**What you need to do:** Exactly as written, retype the listing below, omitting the pictures.

**Exercise data:**

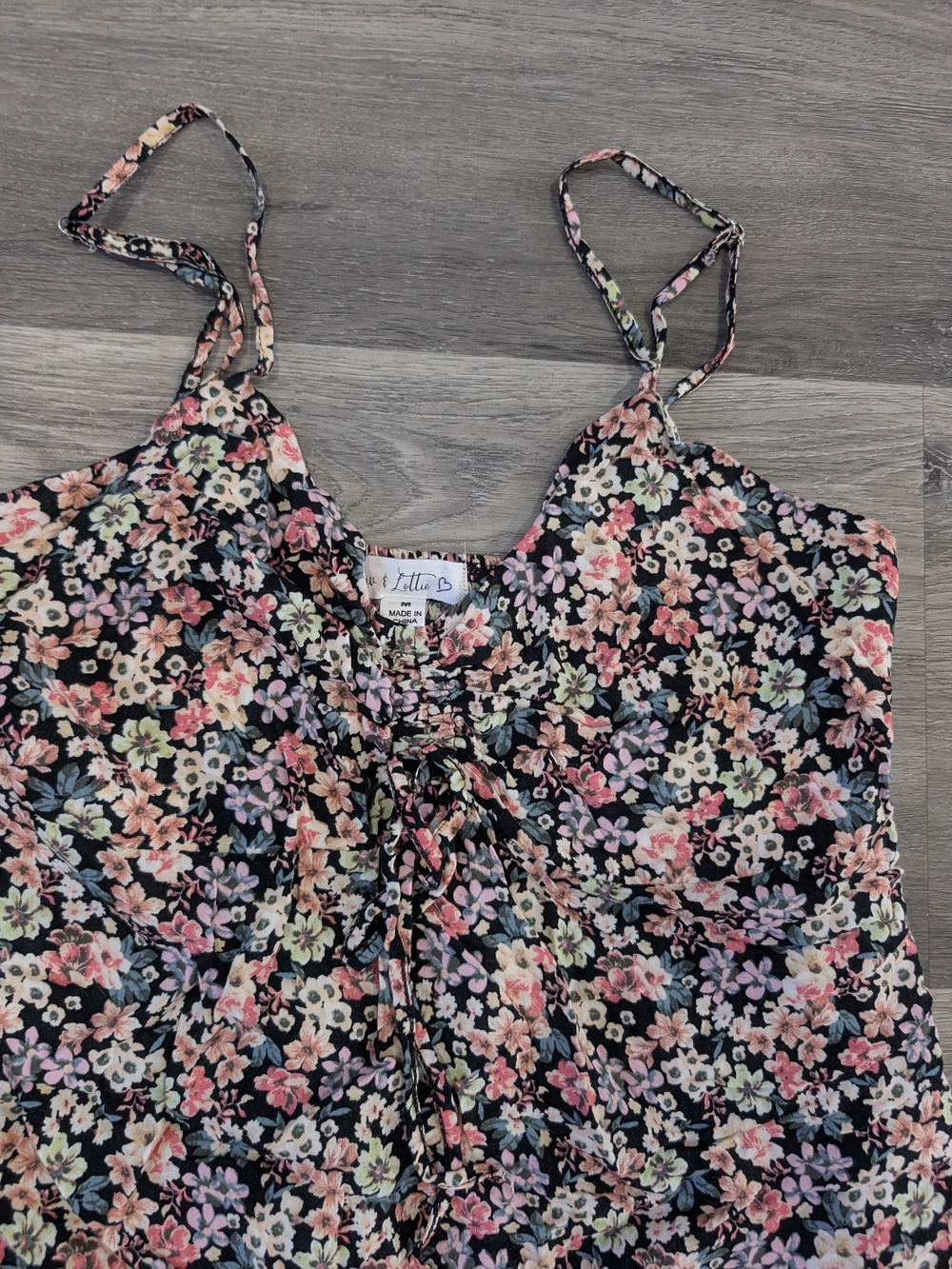 Black Floral Tie-Front Spaghetti Strap Dress
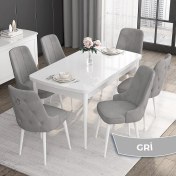 Resim Canisa Concept Noa Serisi,80 x 132 cm Açılabilir Mdf Masa,beyaz Mutfak Masa Takımı,6 Sandalye Gümüş Halkalı 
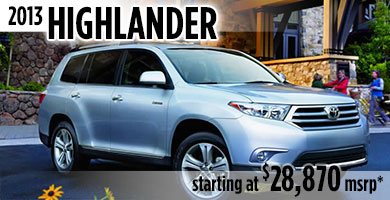 View details on the New 2013 Toyota Highlander at Eddy's Toyota 2013 Toyota Highlander at Eddy's Toyota serving Wichita, Kansas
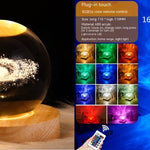 Flag Village LED Water Ripple Ambient Night Light USB Rotating Projection Crystal Table Lamp RGB Dimmable Home Decoration 16 Color Gifts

**Output below:**
 Black Floral Tie-Front Spaghetti Strap Dress
 Resim Canisa Concept Noa Serisi,80 x 132 cm Açılabilir Mdf Masa,beyaz Mutfak Masa Takımı,6 Sandalye Gümüş Halkalı 
 View details on the New 2013 Toyota Highlander at Eddy's Toyota 2013 Toyota Highlander at Eddy's Toyota serving Wichita, Kansas
 Flag Village LED Water Ripple Ambient Night Light USB Rotating Projection Crystal Table Lamp RGB Dimmable Home Decoration 16 Color Gifts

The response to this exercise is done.